A few reports have described imaging findings in patients with CoCC.^11,16,17 On enhanced CT, CoCC revealed early enhancement and delayed washout, similar to hepatocellular carcinoma, or ringed enhancement at the periphery during the early phase and persistent enhancement during the delayed phase, similar to CCC. In a previous study, lesions showing contrast enhancement during the early phase exhibited abundant cellularity, whereas the area of persistent enhancement during the delayed phase exhibited abundant fibrous stroma.¹⁸ Thus, CT findings in CoCC reflected the histologic features of the tumor. Enhanced US using Sonazoid has been infrequently reported compared with CT findings. According to a prior report,¹⁹ CoCC shows whole-tumor enhancement in the arterial phase, becomes progressively hypoechoic relative to the normal liver parenchyma, and shows defect of enhancement during the Kupffer phase. However, our patient exhibited peripheral enhancement during the arterial phase and defect of contrast inside the tumor, likely due to necrosis. Thus, CoCC can yield various imaging findings, and few studies have confirmed the presence of characteristic imaging findings. Therefore, it is thought to be difficult to diagnose CoCC preoperatively. Furthermore, there are reports that CoCC is composed of three different areas histologically—CoCC, hepatocellular carcinoma–like, and CCC-like^3,20—which supported the hypothesis that CoCC is derived from hepatic stem cells. However, because of the heterogeneous distribution of cells in CoCC, needle biopsy may yield different results depending on the region of the tumor that is biopsied. Sasaki et al²¹ have described the prevalence of subtypes in combined hepatocellular-cholangiocarcinoma. In the report, although the prevalence of CoCC subtype was 69.8% in all combined hepatocellular-cholangiocarcinomas, each subtype was observed in various amounts and combinations. Thus, even if the tumor is diagnosed as hepatocellular carcinoma by biopsy, when it looks like CCC radiographically, it is necessary to consider the possibility of CoCC, which is a subtype of combined hepatocellular-cholangiocarcinoma.

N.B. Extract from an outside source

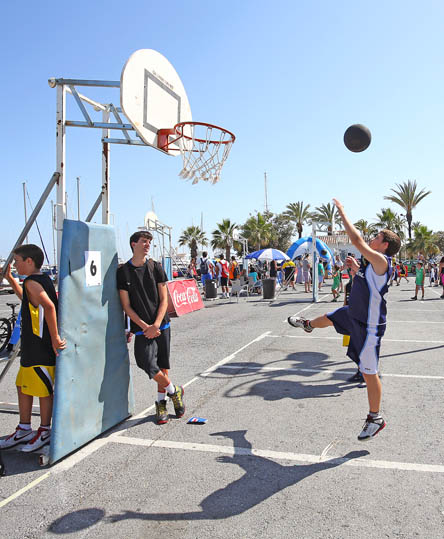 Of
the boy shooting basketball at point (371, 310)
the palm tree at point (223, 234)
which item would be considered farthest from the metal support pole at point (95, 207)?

An appropriate therapy for CoCC has not been established. However, the prognosis of CoCC is improved after resection, compared with that of CCC.²² Therefore, in resectable CoCC surgical operation is the most effective treatment, similar to other types of primary liver cancer. In contrast, CoCC tumors with a diameter greater than 4 cm show higher recurrence rates compared with smaller CoCC tumors.³ Additionally, intrahepatic lesions are the most frequent recurrence for CoCC,^3,22 most likely due to the high frequency of portal vein invasion in CoCC histologically. Our patient showed early intrahepatic recurrence because of the large size of the tumor and the prominent portal vein invasion. Therefore, we would expect our patient to have a high risk of recurrence. In advanced or recurrent cases, chemotherapy is often performed. Because CoCC is associated with expression of cholangiocyte markers, such as CK7 and CK19, chemotherapy regimens generally used for CCC are expected to be effective.^7,23 Although we also performed chemotherapy with gemcitabine plus cisplatin, according to the ABC-02 trial,²⁴ because of the advanced stage and positivity for massive vascular invasion and lymph node metastasis in our patient, we unfortunately could not prevent recurrence. Further investigations with greater numbers of patients are required in order to establish effective chemotherapeutic regimens for CoCC.

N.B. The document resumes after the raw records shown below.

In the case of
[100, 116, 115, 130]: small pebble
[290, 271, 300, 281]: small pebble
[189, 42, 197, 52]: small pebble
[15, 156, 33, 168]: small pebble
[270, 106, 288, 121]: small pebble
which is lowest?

We presented here a case of giant CoCC; this was the largest CoCC case reported to date, and it exhibited necrosis within the tumor and early recurrence. These characteristics were different from those reported previously. Indeed, the clinicopathologic characteristics of CoCC have not yet been clarified. Therefore, analysis of additional cases is required to establish the characteristics of CoCC.